Internet as Common Pool Resource (CPR)

It’s not hard to draw the analogy of Internet as common resource for SMB’s (as well as large enterprises and consumers).  When a company connects to the Internet, it is participating in that resource.  It gets value from the resource.  It also has the potential to harm the resource, and in effect, deplete the resource.

Large enterprises have more resources available for risk management and security activities and can be more motivated to protect their own investments.  I would hazard a guess that, on average, SMB’s have more risk tolerance than most large established enterprises.

When an SMB is attacked or ‘compromised’, a couple of things can happen: 1) the SMB suffers financial or reputation loss or both, and/or 2) the SMB’s resources (computers) are used as assets to attack the computers of other businesses.  This weakens, or depletes, the community resource.

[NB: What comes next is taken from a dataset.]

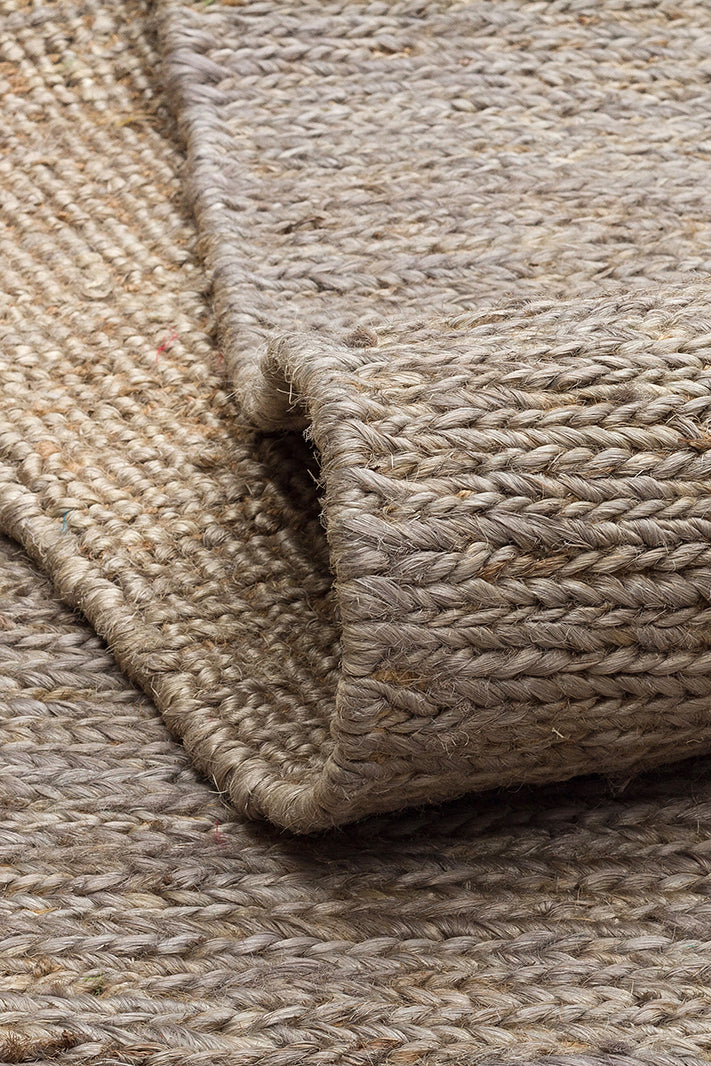 Giger Stone, Jüt Kullanılarak El Örgüsü ile Üretilen Hasır Dokulu Jüt Halı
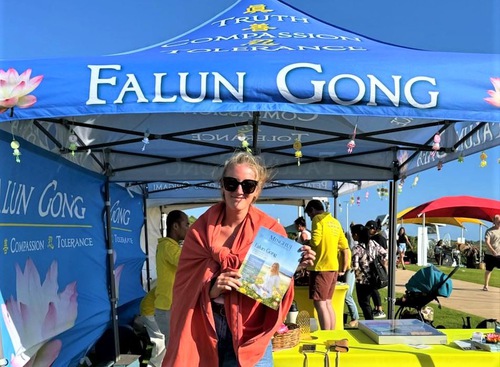 Image for article Australia: Falun Dafa Disambut di Acara Komunitas Coogee Live di Perth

SMB’s typically have less resources when compared to their large enterprise counterparts.  It’s a hard decision to divert limited cash from marketing, production, and R&D to spend it on information risk management and security.  However, not making an investment in security and risk management, significantly exposes themselves as well as the common pool resource of the Internet to harm.

So whose responsibility is it?  SMB’s represent a large portion of the workforce, with each workforce member potentially with one or many computing devices.  If SMB’s aren’t motivated to invest in risk management and security, this means that a substantial part of the economy is operating while poorly protected.

Should SMB’s be held accountable if their computers are hacked and then used to attack other computers? Should SMB’s have a minimum standard for computing devices, to include smartphones? Would this stifle innovation? Should trade organizations establish standards?  The government?

Or, do SMB’s simply represent a tragedy of the commons?